[Data for processing — start]
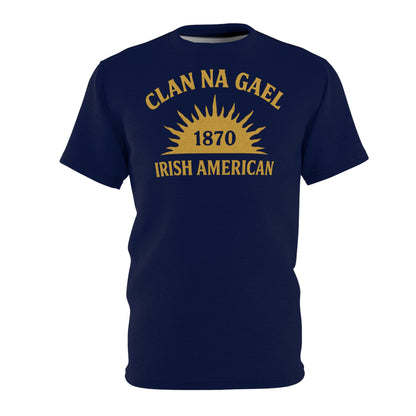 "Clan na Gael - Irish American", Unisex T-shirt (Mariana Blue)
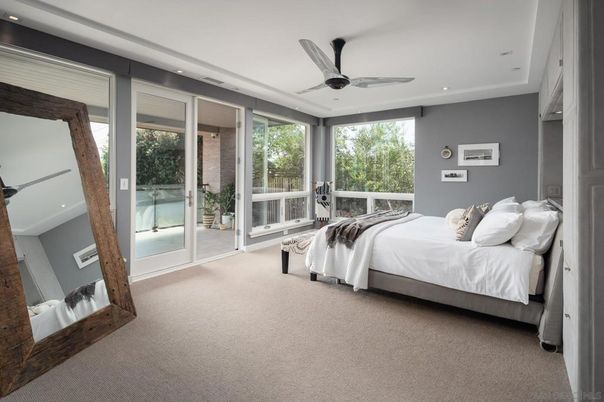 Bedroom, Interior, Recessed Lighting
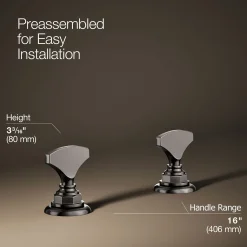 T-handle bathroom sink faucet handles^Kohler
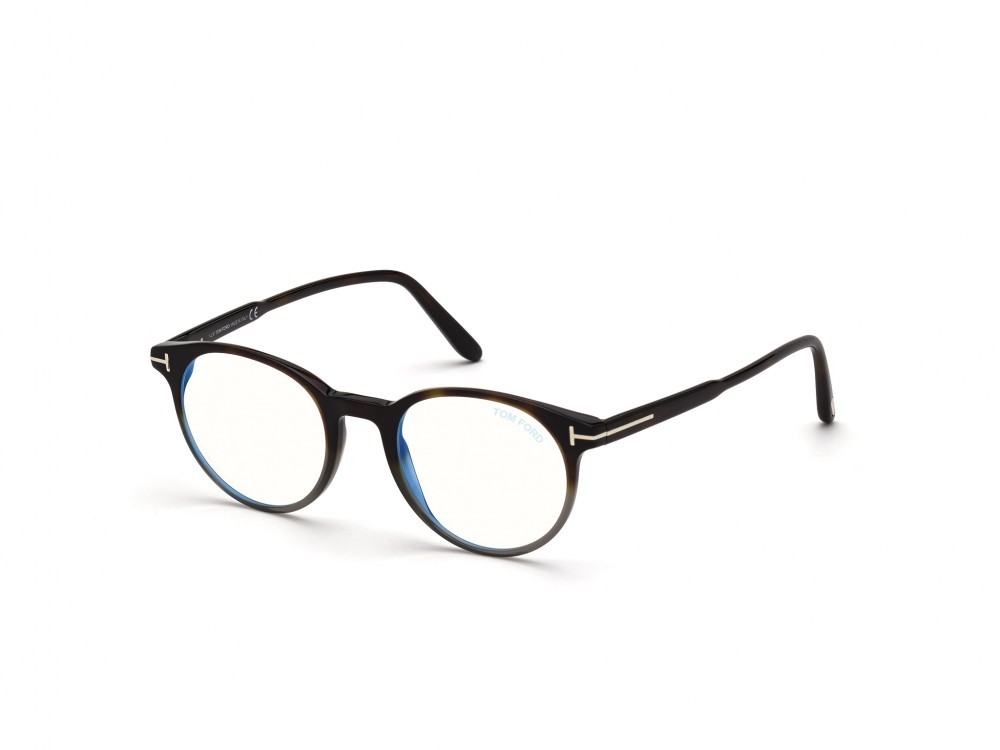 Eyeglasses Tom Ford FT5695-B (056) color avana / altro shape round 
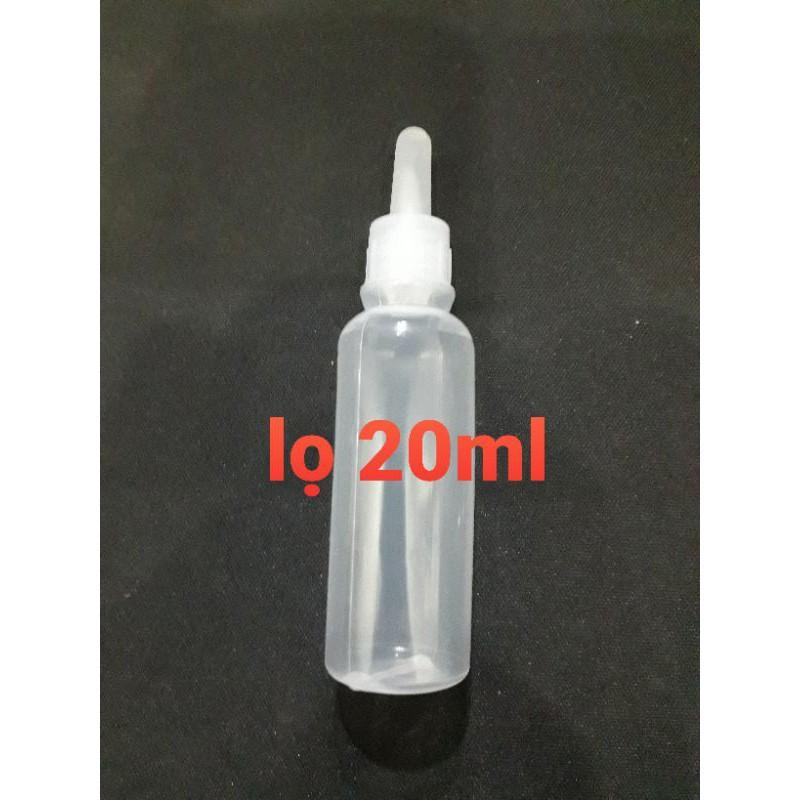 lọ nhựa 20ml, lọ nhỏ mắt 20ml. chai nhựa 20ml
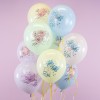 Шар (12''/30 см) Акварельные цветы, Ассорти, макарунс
[Data for processing — finish]
[Data for processing — start]
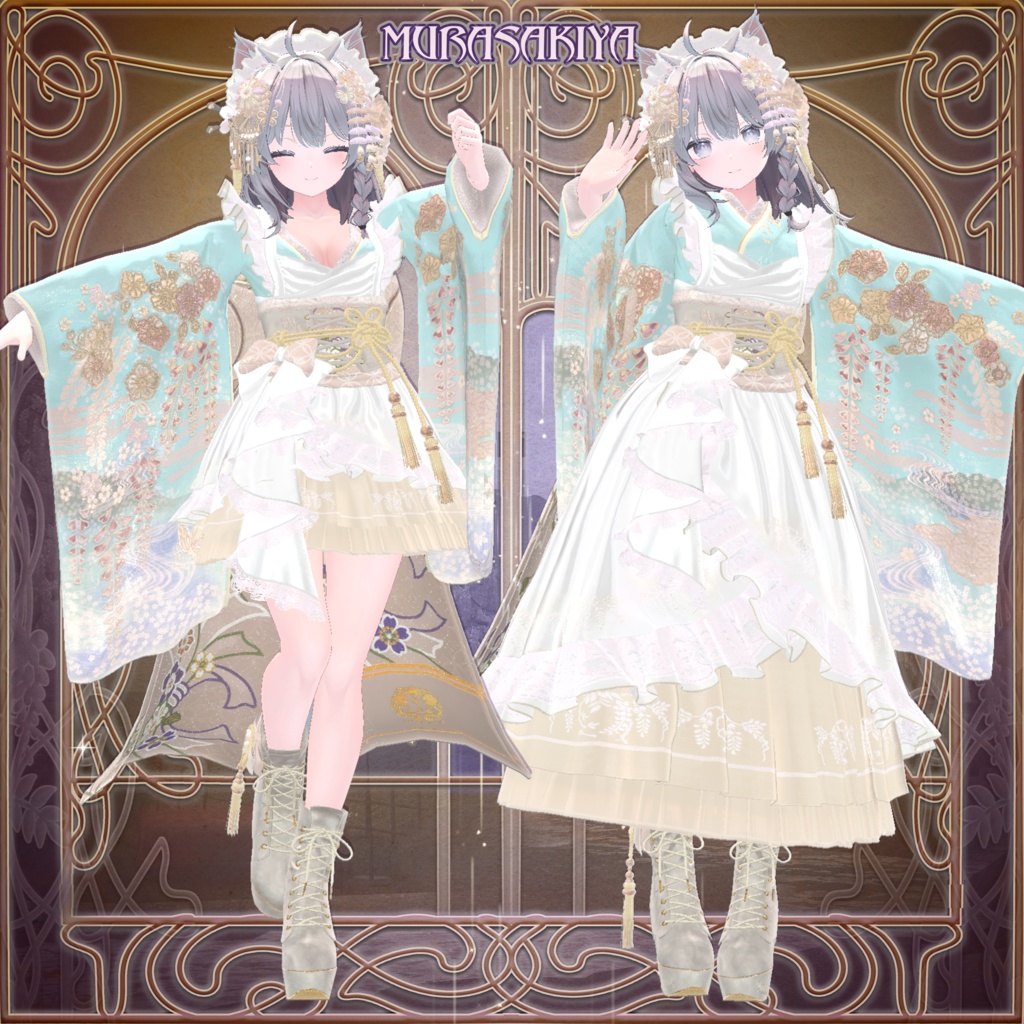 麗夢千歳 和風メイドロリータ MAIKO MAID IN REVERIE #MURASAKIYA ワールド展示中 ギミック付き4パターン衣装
[Data for processing — finish]
[Data for processing — start]
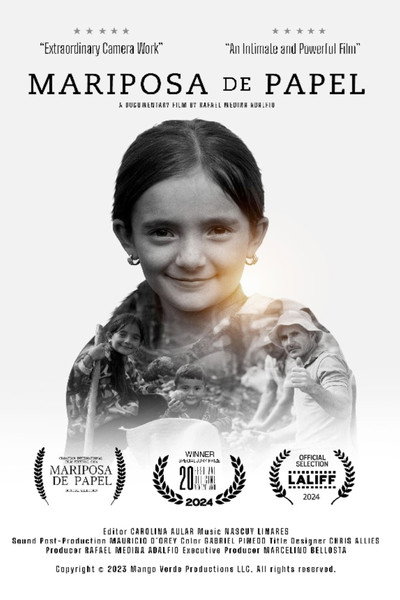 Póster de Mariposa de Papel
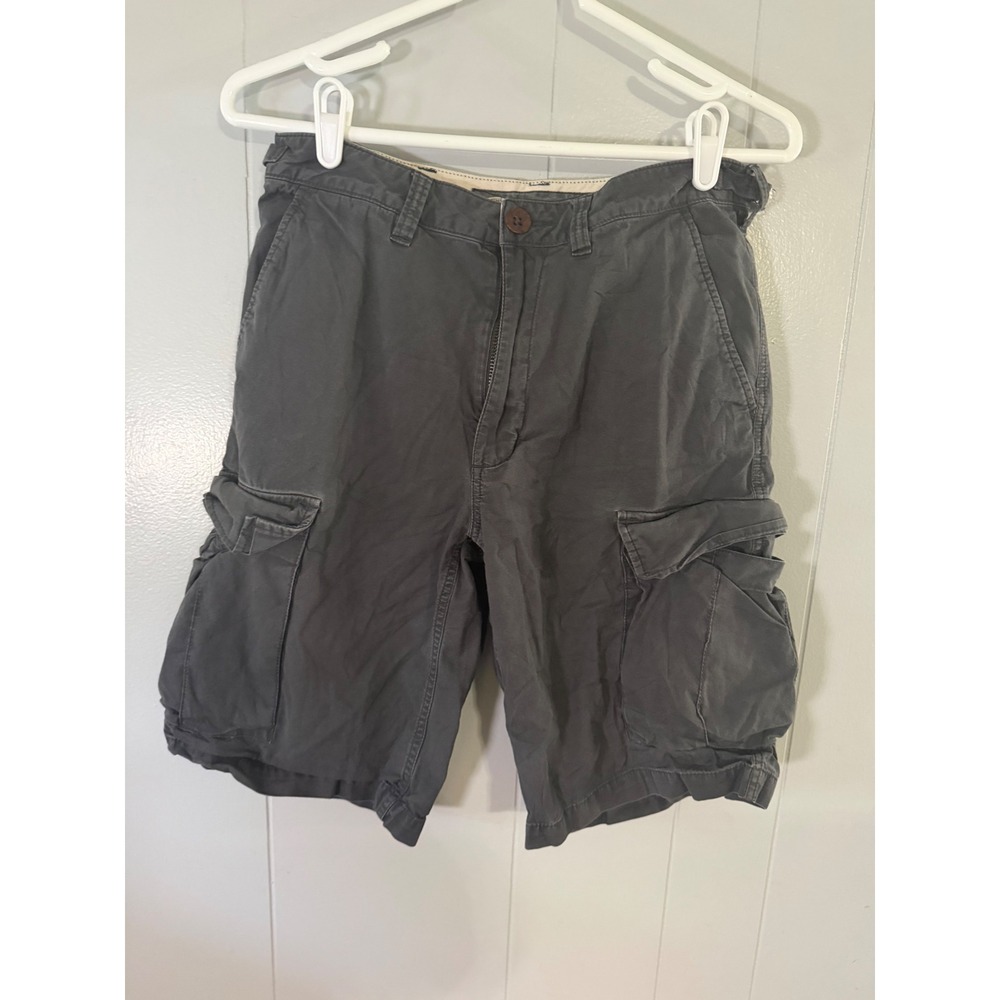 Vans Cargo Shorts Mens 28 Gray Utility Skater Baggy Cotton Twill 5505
[Data for processing — finish]
**Exercise aim:** Restate the lines above from the one containing "T-shirt (Mariana Blue)" through the one containing "Шар (12''/30 см)", inclusive, exactly and without pictures.

**Solution for this task:**
 "Clan na Gael - Irish American", Unisex T-shirt (Mariana Blue)
 Bedroom, Interior, Recessed Lighting
 T-handle bathroom sink faucet handles^Kohler
 Eyeglasses Tom Ford FT5695-B (056) color avana / altro shape round 
 lọ nhựa 20ml, lọ nhỏ mắt 20ml. chai nhựa 20ml
 Шар (12''/30 см) Акварельные цветы, Ассорти, макарунс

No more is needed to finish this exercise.